When Kyrie stated last week it “smells fishy,” with the racial unrest we are in as well as the pandemic, this is not the time to be focused on mundane things such as playing basketball. What makes matters worst is the NBA owners have shown no interest in showing up to the tournament in Florida. Can you blame them?
“Regardless of how much media coverage will be received, talking and raising awareness about social injustice isn’t enough,” Bradley said. “Are we that self-centered to believe no one in the world is aware of racism right now? That as athletes, we solve the real issues by using our platforms to speak?
“We don’t need to say more. We need to find a way to achieve more. Protesting during an anthem, wearing T-shirts is great, but we need to see real actions being put in to the works.”

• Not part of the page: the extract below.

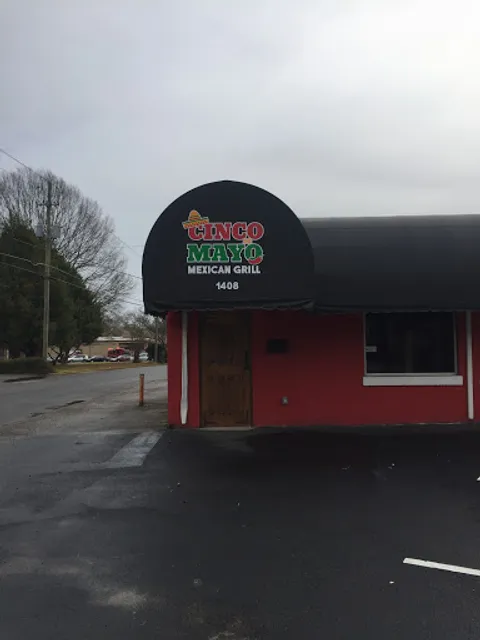 Cinco de mayo mexican grill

“I think Kyrie [Irving] and Dwight [Howard] have a point,” Lillard said of two of the players who have notably raised concerns about returning to play.
The Trail Blazers guard said “I don’t feel 100 percent comfortable, but it’s a risk that I’m willing to take” when talking about playing amid the COVID-19 pandemic but acknowledged many are more concerned with the fight against racism.
“A lot of our hearts are with our people,” he said. “Our mind is with our people. We feel like we should be a part of that, we should be a part of that fight. … Maybe we should be focused on that.”
At this point it is in the NBA’s best to return back in October, which is approximately a few months away. There is no idea if COVID-19 will be under better control by then. But it gives the NBA more time to come up with a more comprehensive plan for the NBA as a whole and along with appropriate safety measures for it’s owners, coaches, players, teams, etc.
The bottomline is if a NBA player were to catch the virus while this tournament is taking place in Florida it will cause the brand to take a nose dive. This is not the kind of publicity the NBA needs right about now or in the very near future.